There are limitations to the data including that the sample size remains modest and that the cohort studied was quite young. Furthermore patients might not wish to be referred to mental health services for their chronic fatigue, in which case they would not be part of the sample, although the authors do not expand on this caveat. Finally, two fewer suicide deaths would have meant that the findings could be attributed to chance.
Nicholson L, et al. (2016) Educational Priorities for Healthcare Providers and Name Suggestions for Chronic Fatigue Syndrome: Including the Patient Voice. Clinical Research 2(1). Available at: https://www.sciforschenonline.org/journals/clinical-research/CLROA-2-112.php
This article analyses the results of a survey conducted in the US in 2014 by the Solve ME/CFS Initiative to inform the Institute of Medicine Committee of patients’ opinions on the name of ME/CFS, as well as what patients believe should be educational priorities for healthcare providers. The articles aims to offer a patient-focused perspective on changing the name of the illness. Researchers external to the survey coded the responses given to two of the questions asked.
Many patients feel that the name of CFS, by focusing on fatigue, gives the impression that the illness is not serious and thus trivialises it.
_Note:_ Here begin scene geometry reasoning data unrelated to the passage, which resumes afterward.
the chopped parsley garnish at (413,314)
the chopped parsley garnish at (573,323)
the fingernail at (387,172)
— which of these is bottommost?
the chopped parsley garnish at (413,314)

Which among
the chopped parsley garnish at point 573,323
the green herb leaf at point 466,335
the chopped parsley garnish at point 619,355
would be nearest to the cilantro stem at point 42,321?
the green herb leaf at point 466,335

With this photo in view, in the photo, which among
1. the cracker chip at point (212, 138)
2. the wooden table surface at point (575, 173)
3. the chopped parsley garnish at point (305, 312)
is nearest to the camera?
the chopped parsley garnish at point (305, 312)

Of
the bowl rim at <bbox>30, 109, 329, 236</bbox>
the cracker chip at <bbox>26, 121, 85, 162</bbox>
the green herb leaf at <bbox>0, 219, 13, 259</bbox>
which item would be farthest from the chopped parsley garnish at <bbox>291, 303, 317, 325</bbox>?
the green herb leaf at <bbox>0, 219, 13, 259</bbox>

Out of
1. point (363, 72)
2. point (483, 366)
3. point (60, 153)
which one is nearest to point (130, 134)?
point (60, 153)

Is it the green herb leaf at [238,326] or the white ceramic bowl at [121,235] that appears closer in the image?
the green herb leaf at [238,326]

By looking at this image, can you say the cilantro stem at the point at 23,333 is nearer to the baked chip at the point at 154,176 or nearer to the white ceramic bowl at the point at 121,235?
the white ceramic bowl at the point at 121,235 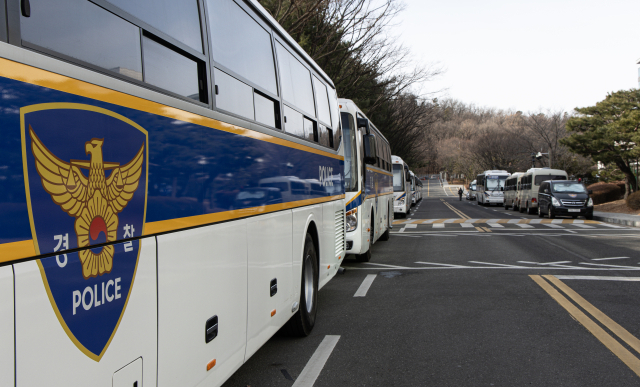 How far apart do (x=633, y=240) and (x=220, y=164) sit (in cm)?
1582

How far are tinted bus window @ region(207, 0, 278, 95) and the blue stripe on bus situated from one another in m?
0.55

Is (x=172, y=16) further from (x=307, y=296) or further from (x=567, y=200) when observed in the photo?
(x=567, y=200)

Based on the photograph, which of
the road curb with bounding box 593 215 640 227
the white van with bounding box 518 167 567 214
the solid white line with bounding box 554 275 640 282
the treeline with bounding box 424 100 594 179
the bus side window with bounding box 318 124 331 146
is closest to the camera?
the bus side window with bounding box 318 124 331 146

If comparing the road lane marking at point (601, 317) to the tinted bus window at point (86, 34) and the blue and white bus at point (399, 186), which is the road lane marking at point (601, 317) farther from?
the blue and white bus at point (399, 186)

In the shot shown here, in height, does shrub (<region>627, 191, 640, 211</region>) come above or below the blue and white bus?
below

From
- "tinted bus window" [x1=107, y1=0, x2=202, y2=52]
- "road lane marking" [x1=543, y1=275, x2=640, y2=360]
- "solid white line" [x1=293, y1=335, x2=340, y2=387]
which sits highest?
"tinted bus window" [x1=107, y1=0, x2=202, y2=52]

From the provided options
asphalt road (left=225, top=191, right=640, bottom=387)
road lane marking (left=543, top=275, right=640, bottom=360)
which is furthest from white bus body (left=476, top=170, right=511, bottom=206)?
road lane marking (left=543, top=275, right=640, bottom=360)

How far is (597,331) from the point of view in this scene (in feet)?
18.8

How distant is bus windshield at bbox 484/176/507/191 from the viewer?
46156mm

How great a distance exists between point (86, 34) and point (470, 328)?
5.11 meters

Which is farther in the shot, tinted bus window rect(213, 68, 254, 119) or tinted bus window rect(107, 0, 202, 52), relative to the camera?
tinted bus window rect(213, 68, 254, 119)

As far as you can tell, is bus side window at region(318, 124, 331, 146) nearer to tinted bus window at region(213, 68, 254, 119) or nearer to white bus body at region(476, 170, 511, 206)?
tinted bus window at region(213, 68, 254, 119)

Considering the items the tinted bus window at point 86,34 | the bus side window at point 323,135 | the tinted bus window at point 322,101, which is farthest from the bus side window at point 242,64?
the tinted bus window at point 322,101

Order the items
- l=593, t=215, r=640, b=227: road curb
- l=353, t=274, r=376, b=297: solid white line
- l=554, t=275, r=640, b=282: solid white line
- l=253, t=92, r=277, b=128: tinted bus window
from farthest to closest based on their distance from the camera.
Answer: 1. l=593, t=215, r=640, b=227: road curb
2. l=554, t=275, r=640, b=282: solid white line
3. l=353, t=274, r=376, b=297: solid white line
4. l=253, t=92, r=277, b=128: tinted bus window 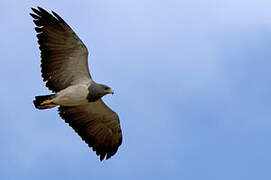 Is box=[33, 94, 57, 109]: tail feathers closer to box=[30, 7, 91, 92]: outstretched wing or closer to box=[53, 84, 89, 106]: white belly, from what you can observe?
box=[53, 84, 89, 106]: white belly

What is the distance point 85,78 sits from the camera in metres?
18.7

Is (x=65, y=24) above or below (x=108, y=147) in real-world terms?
above

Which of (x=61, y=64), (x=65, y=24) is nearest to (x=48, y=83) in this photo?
(x=61, y=64)

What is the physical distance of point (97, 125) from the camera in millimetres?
19594

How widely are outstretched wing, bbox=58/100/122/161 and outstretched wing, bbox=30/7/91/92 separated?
943 mm

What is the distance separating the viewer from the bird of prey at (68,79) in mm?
18156

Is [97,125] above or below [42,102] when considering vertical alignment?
above

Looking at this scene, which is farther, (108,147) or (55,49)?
(108,147)

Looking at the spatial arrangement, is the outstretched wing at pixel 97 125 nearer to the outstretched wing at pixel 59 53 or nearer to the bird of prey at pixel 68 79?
the bird of prey at pixel 68 79

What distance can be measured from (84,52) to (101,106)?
A: 70.1 inches

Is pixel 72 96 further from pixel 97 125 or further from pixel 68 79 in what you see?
pixel 97 125

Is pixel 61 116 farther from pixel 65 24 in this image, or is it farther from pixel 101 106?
pixel 65 24

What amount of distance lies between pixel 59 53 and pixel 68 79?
0.84m

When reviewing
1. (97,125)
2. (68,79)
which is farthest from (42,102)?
(97,125) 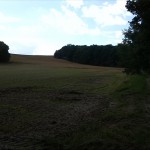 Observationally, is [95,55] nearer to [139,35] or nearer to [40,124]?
[139,35]

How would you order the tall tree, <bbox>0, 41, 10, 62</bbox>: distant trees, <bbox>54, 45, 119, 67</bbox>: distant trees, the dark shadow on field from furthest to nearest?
1. <bbox>54, 45, 119, 67</bbox>: distant trees
2. <bbox>0, 41, 10, 62</bbox>: distant trees
3. the tall tree
4. the dark shadow on field

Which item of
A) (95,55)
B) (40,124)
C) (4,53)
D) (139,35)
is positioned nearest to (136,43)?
(139,35)

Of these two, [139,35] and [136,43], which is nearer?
[139,35]

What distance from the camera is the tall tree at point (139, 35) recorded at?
35.0 metres

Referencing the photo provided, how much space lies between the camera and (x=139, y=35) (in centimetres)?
3938

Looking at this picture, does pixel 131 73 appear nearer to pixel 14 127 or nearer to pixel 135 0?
pixel 135 0

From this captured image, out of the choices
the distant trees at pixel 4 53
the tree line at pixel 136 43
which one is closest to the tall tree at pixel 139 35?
the tree line at pixel 136 43

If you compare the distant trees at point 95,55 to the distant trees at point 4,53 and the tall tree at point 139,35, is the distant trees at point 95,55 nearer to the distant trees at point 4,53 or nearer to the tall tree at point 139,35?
the distant trees at point 4,53

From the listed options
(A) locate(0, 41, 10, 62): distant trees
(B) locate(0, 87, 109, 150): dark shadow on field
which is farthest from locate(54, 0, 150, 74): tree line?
(A) locate(0, 41, 10, 62): distant trees

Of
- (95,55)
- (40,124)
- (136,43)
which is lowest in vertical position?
(40,124)

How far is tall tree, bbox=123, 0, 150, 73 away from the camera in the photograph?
34969mm

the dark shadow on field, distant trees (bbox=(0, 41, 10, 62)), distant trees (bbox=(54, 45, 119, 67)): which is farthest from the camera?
distant trees (bbox=(54, 45, 119, 67))

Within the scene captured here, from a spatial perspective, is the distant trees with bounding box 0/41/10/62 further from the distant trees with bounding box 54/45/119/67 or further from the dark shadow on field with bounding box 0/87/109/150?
the dark shadow on field with bounding box 0/87/109/150

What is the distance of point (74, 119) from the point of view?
1669 cm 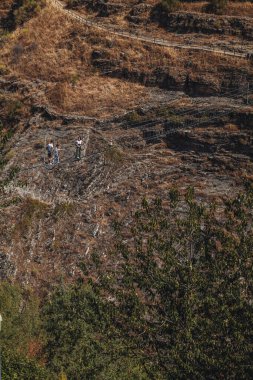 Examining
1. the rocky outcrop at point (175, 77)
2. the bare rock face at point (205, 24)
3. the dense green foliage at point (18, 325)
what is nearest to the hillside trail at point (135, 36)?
the rocky outcrop at point (175, 77)

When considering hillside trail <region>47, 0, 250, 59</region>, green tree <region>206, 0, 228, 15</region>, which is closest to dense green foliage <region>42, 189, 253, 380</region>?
hillside trail <region>47, 0, 250, 59</region>

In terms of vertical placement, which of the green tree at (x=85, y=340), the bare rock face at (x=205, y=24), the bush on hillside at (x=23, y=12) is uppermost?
the bare rock face at (x=205, y=24)

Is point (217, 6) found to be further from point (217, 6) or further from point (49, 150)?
point (49, 150)

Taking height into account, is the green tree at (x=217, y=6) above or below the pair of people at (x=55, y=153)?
above

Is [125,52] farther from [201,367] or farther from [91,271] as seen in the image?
[201,367]

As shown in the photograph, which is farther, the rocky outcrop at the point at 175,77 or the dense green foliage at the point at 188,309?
the rocky outcrop at the point at 175,77

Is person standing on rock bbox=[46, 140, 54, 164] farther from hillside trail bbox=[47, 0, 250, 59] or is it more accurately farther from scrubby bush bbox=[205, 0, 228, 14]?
scrubby bush bbox=[205, 0, 228, 14]

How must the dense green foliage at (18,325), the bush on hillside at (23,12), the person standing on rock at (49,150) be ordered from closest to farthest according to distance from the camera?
the dense green foliage at (18,325), the person standing on rock at (49,150), the bush on hillside at (23,12)

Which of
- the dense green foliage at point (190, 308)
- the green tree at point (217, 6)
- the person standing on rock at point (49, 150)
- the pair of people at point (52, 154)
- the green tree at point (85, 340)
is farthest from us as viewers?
the green tree at point (217, 6)

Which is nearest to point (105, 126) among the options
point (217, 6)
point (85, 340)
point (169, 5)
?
point (169, 5)

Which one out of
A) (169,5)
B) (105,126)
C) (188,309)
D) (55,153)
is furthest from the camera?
(169,5)

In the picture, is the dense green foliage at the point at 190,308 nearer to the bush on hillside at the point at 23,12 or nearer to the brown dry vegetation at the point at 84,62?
the brown dry vegetation at the point at 84,62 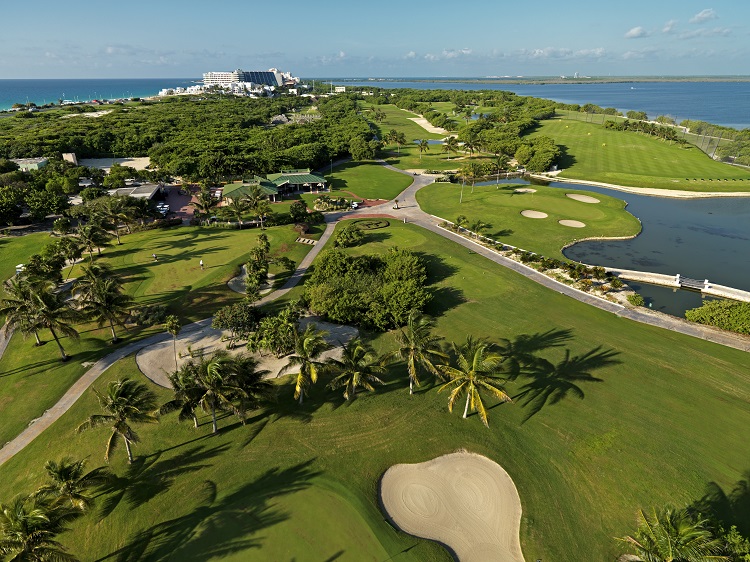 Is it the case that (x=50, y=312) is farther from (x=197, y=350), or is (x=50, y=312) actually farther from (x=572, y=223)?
(x=572, y=223)

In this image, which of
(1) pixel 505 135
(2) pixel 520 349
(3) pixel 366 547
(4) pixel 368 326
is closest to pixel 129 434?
(3) pixel 366 547

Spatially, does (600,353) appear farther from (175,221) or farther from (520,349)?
(175,221)

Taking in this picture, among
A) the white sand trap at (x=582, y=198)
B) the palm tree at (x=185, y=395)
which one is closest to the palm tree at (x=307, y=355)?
the palm tree at (x=185, y=395)

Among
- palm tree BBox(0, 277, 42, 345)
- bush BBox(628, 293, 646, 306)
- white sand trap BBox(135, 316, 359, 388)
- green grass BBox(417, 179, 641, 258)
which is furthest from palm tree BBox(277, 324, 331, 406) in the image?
green grass BBox(417, 179, 641, 258)

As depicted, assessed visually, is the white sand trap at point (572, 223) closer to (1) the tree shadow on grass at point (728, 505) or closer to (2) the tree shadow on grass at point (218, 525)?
(1) the tree shadow on grass at point (728, 505)

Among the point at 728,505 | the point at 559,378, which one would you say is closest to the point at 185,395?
the point at 559,378

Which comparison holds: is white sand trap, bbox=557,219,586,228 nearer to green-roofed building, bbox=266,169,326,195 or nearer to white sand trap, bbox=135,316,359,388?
white sand trap, bbox=135,316,359,388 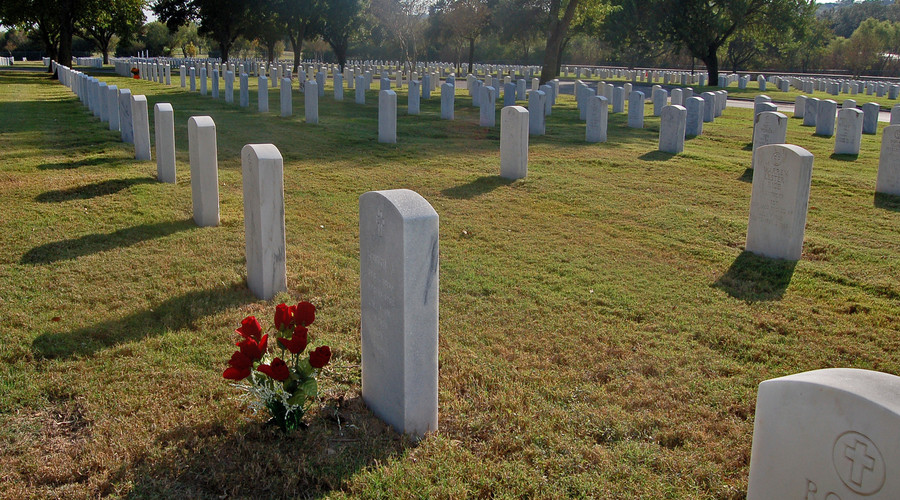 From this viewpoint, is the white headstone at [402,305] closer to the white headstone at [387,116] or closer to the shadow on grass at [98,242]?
the shadow on grass at [98,242]

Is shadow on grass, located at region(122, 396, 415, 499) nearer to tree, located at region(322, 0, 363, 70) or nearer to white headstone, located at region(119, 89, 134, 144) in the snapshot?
white headstone, located at region(119, 89, 134, 144)

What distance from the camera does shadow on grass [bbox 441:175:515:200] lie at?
1027 cm

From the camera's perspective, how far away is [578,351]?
5.08m

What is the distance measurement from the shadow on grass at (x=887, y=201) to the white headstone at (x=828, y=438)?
8909mm

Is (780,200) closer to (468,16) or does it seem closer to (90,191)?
(90,191)

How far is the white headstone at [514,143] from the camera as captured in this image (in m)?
11.2

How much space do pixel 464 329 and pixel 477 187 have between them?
5.59 m

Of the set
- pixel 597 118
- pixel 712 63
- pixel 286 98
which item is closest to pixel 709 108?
pixel 597 118

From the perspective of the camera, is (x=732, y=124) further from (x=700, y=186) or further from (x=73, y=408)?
(x=73, y=408)

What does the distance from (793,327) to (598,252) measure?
93.6 inches

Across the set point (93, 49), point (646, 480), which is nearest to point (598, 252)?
point (646, 480)

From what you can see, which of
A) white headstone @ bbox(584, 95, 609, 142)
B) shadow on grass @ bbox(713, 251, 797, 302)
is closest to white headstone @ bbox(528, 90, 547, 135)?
white headstone @ bbox(584, 95, 609, 142)

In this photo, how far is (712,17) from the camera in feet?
135

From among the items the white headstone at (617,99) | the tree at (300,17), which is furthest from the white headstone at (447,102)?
the tree at (300,17) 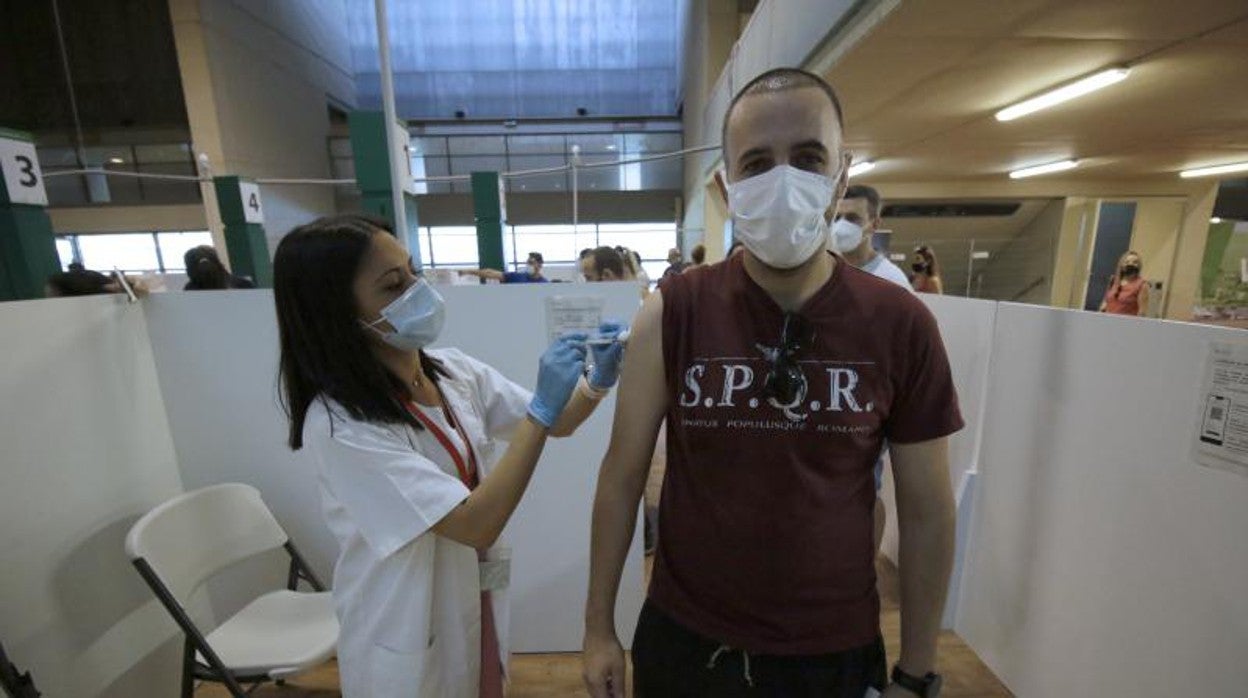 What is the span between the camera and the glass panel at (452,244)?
10117 mm

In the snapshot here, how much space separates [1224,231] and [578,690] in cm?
1135

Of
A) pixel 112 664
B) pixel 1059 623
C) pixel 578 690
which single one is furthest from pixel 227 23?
pixel 1059 623

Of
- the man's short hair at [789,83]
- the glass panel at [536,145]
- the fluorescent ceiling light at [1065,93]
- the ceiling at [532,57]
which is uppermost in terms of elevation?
the ceiling at [532,57]

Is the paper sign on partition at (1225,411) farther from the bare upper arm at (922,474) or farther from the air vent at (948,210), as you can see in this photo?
the air vent at (948,210)

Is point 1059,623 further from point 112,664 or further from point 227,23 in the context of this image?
point 227,23

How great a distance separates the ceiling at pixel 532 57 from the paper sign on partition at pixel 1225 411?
33.0 feet

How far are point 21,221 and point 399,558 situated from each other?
62.0 inches

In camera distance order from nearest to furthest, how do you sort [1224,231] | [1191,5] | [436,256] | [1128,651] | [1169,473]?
[1169,473]
[1128,651]
[1191,5]
[1224,231]
[436,256]

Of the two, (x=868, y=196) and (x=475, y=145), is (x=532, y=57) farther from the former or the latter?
(x=868, y=196)

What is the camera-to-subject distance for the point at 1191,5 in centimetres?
215

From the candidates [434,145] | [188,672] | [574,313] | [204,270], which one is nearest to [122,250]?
[434,145]

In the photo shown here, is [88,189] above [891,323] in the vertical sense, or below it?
above

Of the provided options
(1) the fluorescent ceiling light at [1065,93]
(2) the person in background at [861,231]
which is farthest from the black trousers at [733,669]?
(1) the fluorescent ceiling light at [1065,93]

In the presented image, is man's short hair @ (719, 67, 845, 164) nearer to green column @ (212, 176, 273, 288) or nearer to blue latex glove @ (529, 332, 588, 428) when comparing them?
blue latex glove @ (529, 332, 588, 428) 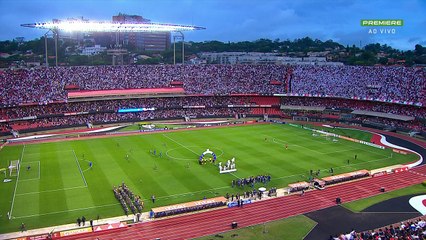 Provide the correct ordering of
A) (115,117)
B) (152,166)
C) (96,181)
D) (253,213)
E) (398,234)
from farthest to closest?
(115,117)
(152,166)
(96,181)
(253,213)
(398,234)

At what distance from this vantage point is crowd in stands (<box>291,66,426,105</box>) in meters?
70.9

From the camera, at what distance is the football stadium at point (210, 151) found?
3095cm

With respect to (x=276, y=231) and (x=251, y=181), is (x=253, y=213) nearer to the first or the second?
(x=276, y=231)

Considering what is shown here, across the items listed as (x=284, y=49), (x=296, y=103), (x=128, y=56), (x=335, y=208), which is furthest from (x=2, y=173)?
(x=284, y=49)

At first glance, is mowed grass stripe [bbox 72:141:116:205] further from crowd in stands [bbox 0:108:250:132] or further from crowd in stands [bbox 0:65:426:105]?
crowd in stands [bbox 0:65:426:105]

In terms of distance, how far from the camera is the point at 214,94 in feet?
270

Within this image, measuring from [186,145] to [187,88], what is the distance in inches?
1179

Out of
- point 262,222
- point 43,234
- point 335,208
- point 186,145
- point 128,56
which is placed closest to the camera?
point 43,234

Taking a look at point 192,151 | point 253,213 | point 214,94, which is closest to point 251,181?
point 253,213

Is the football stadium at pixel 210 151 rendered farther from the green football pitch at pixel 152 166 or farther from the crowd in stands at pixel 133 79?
the crowd in stands at pixel 133 79

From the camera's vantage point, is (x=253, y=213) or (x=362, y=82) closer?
(x=253, y=213)

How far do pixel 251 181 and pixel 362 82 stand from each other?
49.8 meters

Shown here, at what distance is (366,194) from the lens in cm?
3709

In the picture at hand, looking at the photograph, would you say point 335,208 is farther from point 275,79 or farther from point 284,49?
point 284,49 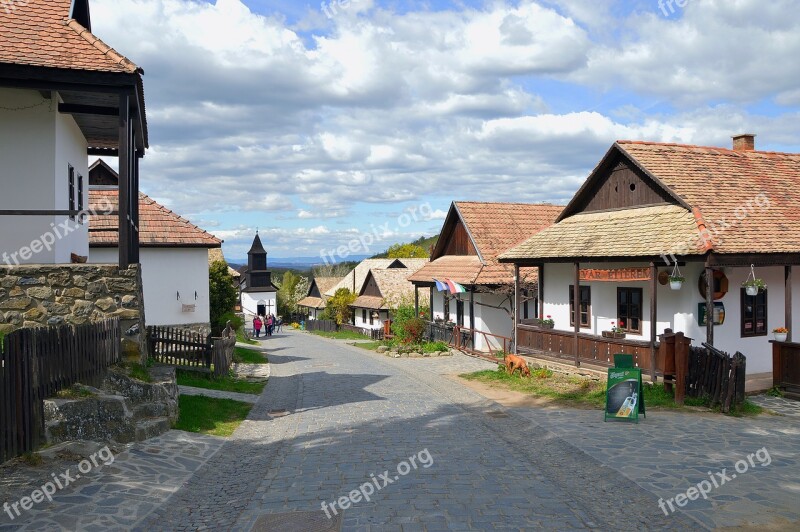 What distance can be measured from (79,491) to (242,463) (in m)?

Illness names for misunderstood diseases can stigmatises those affected by them and as such can impede productive relationships between patients and healthcare providers. Therefore, the authors believe patients should be stakeholders in the process of changing the name of ME/CFS.
The vast majority of participants disliked the term CFS. They often cited myalgic encephalomyelitis as a preferred alternative. They offered alternative names, including the original “Catastrophic Multi System Dysfunction”.
Four themes emerged when participants were asked about what they considered the most important issues that healthcare providers should be educated about when it comes to the diagnosis of ME/CFS. These were: attitudes of healthcare providers, symptomatology, research, and implications of inadequate education. The most frequent subtheme was participants wanting providers to acknowledge that ME/CFS is a real/serious illness.
There are limits to the survey and analysis, including, but not limited to, the small sample size and the lack of generalisability of the findings to all ME/CFS sufferers. However, the results echo previous research studies as well as feedback The ME Association has been receiving from patients and carers.